Indeed, as this book clearly demarcates, the bulk of the work of the RAF in the 1970s centered around the nature of their existence in prison. In what would become a harbinger of the future we live in, the German prison authority and its departmental ally the Bundeskriminalamt (BKA) developed an architecture and series of mechanisms designed to destroy the minds of the RAF prisoners. Isolation cells painted completely in white where the neon light never went off. No contact with any human for months at a time. The use of informers and ultimately a trial held in a specially designed prison courthouse that took place without the defendants or their attorneys. In addition, laws were passed that criminalized not only the act taken by the attorneys to defend their clients but also the acts of any individuals who opposed the actions taken by the State against the RAF prisoners. Of course, this enabled the RAF to point out the unity of purpose between the right wing CDU-CSU West German government and the SPD (with obvious comparisons to the role played by the German Social Democrats after World War I when they used the right-wing militia known as the Freikorps to kill members of the revolutionary Spartacists). The special laws enacted against the RAF and its supporters contained many elements of laws now in existence in the US, realized most fully in the Patriot Act.
While the RAF was certainly successful in exposing the fundamental authoritarianism of the modern capitalist state through their hunger strikes and other actions, they did nothing towards rebuilding the anti-imperialist movement that the 1972 actions were conceived in. This created a situation where their developing analysis of imperialism and the struggle against it became essentially moribund.
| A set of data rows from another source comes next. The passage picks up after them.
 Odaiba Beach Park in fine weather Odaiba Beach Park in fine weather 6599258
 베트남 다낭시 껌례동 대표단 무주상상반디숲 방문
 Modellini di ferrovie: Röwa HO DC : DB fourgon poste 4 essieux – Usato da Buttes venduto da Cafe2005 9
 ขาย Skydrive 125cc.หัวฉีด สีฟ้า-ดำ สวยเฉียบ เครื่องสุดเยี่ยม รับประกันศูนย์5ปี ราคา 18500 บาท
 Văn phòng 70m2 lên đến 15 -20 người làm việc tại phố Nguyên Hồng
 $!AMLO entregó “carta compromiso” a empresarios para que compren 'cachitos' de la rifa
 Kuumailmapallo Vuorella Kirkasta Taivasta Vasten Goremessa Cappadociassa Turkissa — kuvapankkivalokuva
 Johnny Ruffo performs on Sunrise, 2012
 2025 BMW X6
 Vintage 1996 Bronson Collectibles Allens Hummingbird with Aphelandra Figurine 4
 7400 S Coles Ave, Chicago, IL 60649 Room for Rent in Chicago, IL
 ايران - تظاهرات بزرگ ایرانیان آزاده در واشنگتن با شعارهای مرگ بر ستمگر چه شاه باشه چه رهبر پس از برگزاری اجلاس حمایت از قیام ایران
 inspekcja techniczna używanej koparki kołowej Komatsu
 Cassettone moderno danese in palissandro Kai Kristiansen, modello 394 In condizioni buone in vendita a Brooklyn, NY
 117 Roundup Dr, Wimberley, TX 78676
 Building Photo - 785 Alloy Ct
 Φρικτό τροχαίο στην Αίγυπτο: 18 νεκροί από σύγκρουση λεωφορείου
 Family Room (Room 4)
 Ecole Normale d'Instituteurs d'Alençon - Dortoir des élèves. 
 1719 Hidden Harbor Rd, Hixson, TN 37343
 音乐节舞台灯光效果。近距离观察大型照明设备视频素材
In other words, the repression by the German government and its allies was successful.
The editors of this work, J. Smith and André Moncourt, have created an intelligently political work that honestly discusses the politics of the Red Army Fraktion during its early years. Their commentary explains the theoretical writings of the RAF from a left perspective and puts their politics and actions in the context of the situation present in Germany and the world at the time. It is an extended work that is worth the commitment required to read and digest it. More than a historical document, The Red Army Faction, A Documentary History: Volume 1: Projectiles For The People provides us with the ability to comprehend the phenomenon that was the RAF in ways not possible thirty years ago.